The finished product!
I’ve been sewing for myself a lot this spring, which has been both fun and energizing. One of the things I love when I’m in a phase like this is that the more I sew, the more I want to be sewing. Certainly it is nice to have new clothes, but it’s like a faucet has been turned on and the ideas just keep coming. I want to share with you how my process has been unfolding with one of my skirt projects.
This particular project started because I wanted to make two different skirts to wear with a French-style jacket that I’ve been working on – a straight skirt out of self-fabric, and a fuller style skirt. So I pulled out an old pattern, Butterick 3589. When I made it years ago, I’d altered the pattern so that it had an extended or Hollywood waist.
Definitely time to make a clean copy of the pattern!
When it comes to comfort, almost all of us have pet peeves, and mine is having something tight around my waist. With an extended waist, I find that the skirt just floats over the waist. Plus, there’s quite a bit of leeway in the fit with the fluctuation of my stomach being rounder and softer one day compared to another.

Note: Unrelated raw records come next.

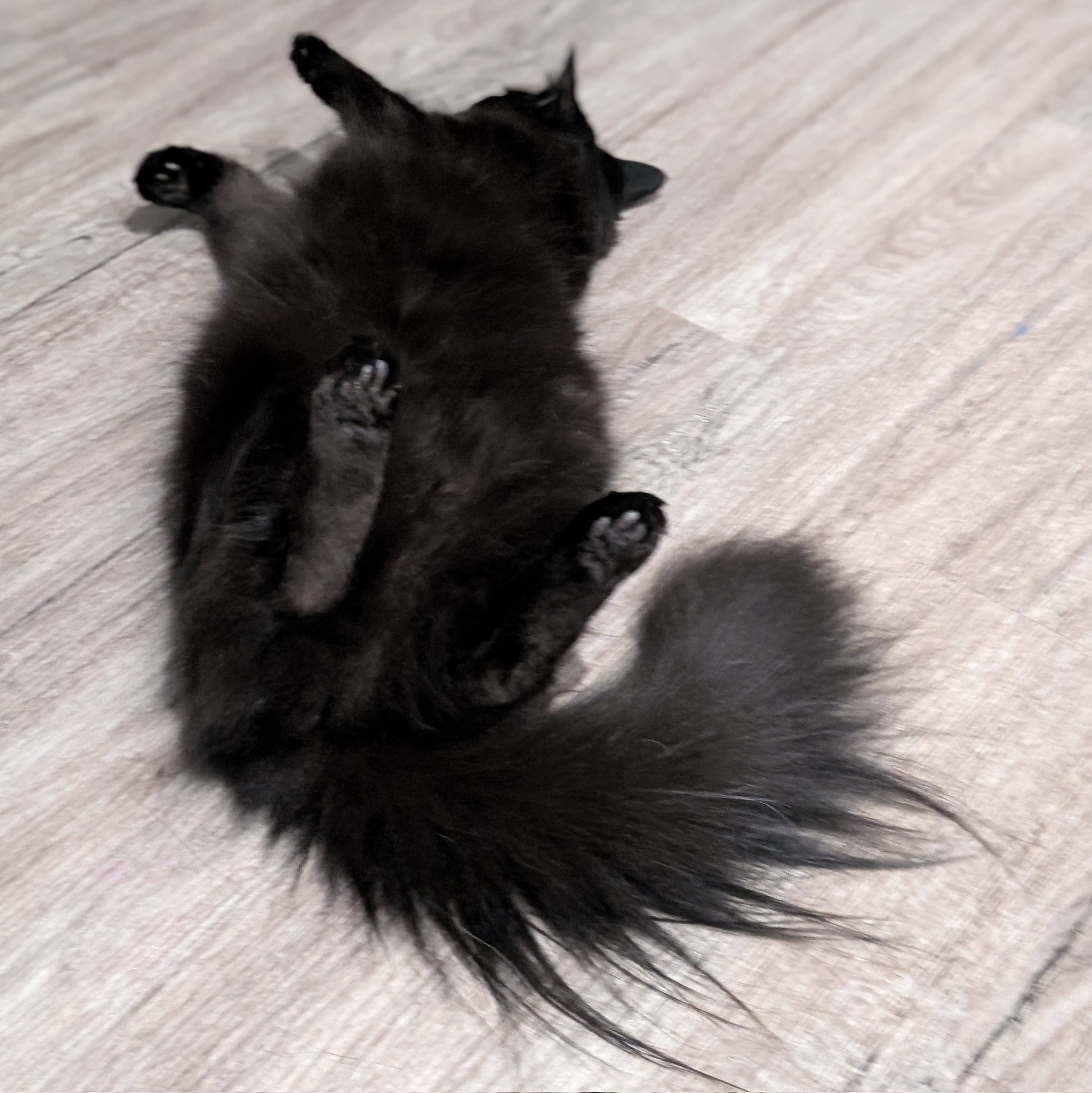 黒いペア猫と鳥のセット 黒猫のベアモアと飼い主🇦🇺 on X: 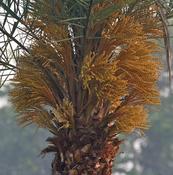 Silver Date Palm (Phoenix Sylvestris) Seedlings - Cold Hardy - 5 Pack (12-24+ Inch) Hybrid Palm Tree image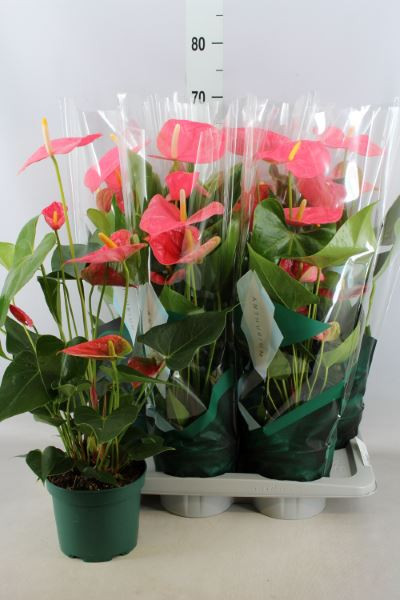 Anthurium Colorado 17/80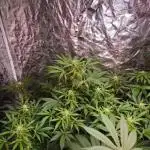 Amnesia Haze Auto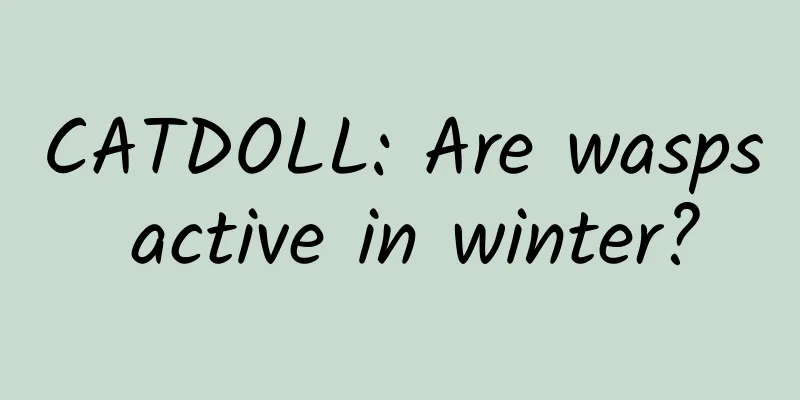 CATDOLL: Are wasps active in winter?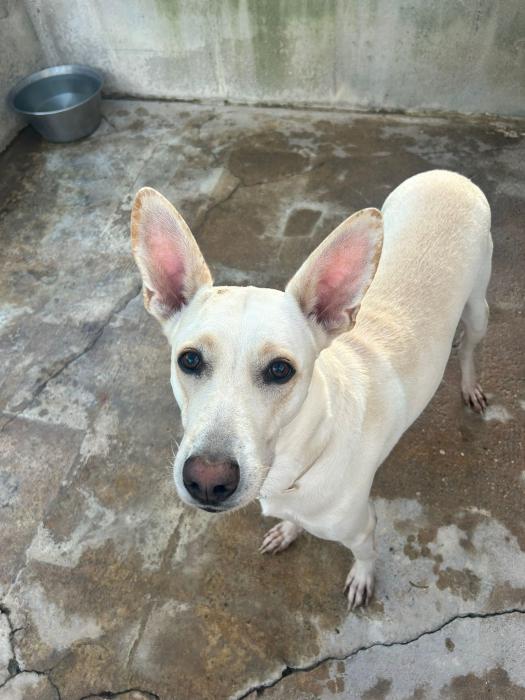Nika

Before cutting into the silk satin-faced georgette to go with the French-style jacket, I made a wearable mock-up from an embroidered silk doupioni fabric. The fabric had been pre-washed – perfect for Baltimore’s hot and humid summer weather since the skirt can be laundered, and the pre-washing made the doupioni softened quite a bit.
I feel a sense of freedom when I make a wearable mock-up because I don’t feel like so much is at stake if it doesn’t turn out perfectly. This one is a winner, and I’ve already worn it several times. The waist is oh-so comfortable, and I’m glad I thought to make the waist facing from cotton batiste so there’s no embroidery against my skin. I find that it’s small details like that that really help me to feel at ease.
The inner workings…
I wouldn’t want the skirt any shorter, so I lengthened the pattern, shown above.
When I wear the skirt, I feel both “breezy” and “put together.” The washed doupioni is perfect: there’s enough structure so that the fullness of the skirt doesn’t collapse altogether, yet the skirt isn’t too stiff.
Linen print and silk satin-faced georgette.
This skirt pattern is definitely a keeper. In addition to a companion for my French-style jacket, I already have plans to make the skirt from a linen print.